- Awarded for: To honor excellence in print and broadcast journalism
- Country: United States
- Presented by: Long Island University
- First award: 1949
- Website: www.liu.edu/polk/

= George Polk Awards =

American journalism awards

The George Polk Awards in Journalism are a series of American journalism awards presented annually by Long Island University in New York in the United States. A writer for Idea Lab, a group blog hosted on the website of PBS, described the award as "one of only a couple of journalism prizes that means anything". The award is described as follows:

For 75 years, LIU has been the proud home of the George Polk Awards in Journalism, the first major award of its kind to recognize reporting across all media. This prestigious honor focuses on the intrepid, bold, and influential work of the reporters themselves, placing a premium on investigative work that is original, resourceful, and thought-provoking.

==History==
===20th century===
The awards were established in 1949, in memory of George Polk, a CBS News correspondent who was murdered in March 1948 while covering the Greek Civil War.

===21st century===
In 2008, Josh Marshall's blog, Talking Points Memo, was the first blog to receive the Polk Award in recognition of its reporting on the 2006 U.S. attorneys dismissal scandal.

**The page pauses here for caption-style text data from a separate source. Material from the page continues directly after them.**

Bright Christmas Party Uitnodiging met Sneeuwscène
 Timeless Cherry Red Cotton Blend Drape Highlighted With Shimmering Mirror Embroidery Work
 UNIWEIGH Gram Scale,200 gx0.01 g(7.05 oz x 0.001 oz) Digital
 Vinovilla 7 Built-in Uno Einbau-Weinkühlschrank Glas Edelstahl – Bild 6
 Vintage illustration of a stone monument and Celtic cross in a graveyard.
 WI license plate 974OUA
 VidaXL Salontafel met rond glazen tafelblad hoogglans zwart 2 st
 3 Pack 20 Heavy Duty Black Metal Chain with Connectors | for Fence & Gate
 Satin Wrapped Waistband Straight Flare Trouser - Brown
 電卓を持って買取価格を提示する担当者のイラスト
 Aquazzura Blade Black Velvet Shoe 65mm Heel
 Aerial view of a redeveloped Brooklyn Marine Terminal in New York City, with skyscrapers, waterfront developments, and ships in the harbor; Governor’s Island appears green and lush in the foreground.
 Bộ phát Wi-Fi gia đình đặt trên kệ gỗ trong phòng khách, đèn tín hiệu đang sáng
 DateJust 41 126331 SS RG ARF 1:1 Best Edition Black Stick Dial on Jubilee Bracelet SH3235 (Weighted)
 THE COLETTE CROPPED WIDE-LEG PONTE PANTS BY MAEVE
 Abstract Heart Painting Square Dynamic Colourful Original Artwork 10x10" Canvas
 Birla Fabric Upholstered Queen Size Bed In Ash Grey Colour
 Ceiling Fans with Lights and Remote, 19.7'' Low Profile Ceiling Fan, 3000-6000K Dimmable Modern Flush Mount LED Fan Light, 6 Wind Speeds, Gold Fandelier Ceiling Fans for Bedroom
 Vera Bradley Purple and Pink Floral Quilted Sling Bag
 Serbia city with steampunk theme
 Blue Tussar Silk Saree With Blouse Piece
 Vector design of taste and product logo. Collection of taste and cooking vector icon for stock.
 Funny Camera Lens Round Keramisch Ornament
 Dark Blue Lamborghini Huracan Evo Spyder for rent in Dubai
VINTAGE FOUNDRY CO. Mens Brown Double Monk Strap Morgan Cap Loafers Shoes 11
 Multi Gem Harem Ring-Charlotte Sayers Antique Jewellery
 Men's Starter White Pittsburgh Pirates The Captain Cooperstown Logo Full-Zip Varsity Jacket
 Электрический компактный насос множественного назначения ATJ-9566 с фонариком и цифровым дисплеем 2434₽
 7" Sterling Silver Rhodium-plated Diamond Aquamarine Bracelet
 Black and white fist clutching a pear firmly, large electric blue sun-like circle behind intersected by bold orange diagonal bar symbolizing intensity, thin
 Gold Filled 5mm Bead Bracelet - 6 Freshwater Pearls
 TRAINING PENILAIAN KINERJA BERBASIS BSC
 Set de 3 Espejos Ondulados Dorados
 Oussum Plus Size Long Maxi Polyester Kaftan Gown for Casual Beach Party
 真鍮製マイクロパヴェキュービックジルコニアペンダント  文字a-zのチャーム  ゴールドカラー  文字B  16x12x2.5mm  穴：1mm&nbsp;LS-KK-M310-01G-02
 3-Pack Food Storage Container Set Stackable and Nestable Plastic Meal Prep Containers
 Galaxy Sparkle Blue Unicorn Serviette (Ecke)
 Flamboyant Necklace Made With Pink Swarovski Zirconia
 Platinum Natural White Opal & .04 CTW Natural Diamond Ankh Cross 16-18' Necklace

In 2009, John Darnton, a former editor with The New York Times, was named curator of the George Polk Awards.

In 2024, The New York Times was awarded three Polk Awards for the newspaper's "unsurpassed coverage of the war between Israel and Hamas". Steven Thrasher criticized the issuance of the awards to The New York Times, saying that the newspaper's article, "Screams Without Words", had been discredited.

==Award categories==

- Foreign reporting
- Radio reporting
- Photojournalism
- Economics reporting
- Business reporting
- Labor reporting
- Legal reporting
- National reporting
- Internet reporting
- Magazine reporting
- Military reporting
- State reporting
- Education reporting
- Local reporting
- Television reporting
- Documentary Film (introduced in 2014)

In addition, the George Polk Career Award is given in recognition of an individual's lifelong achievements.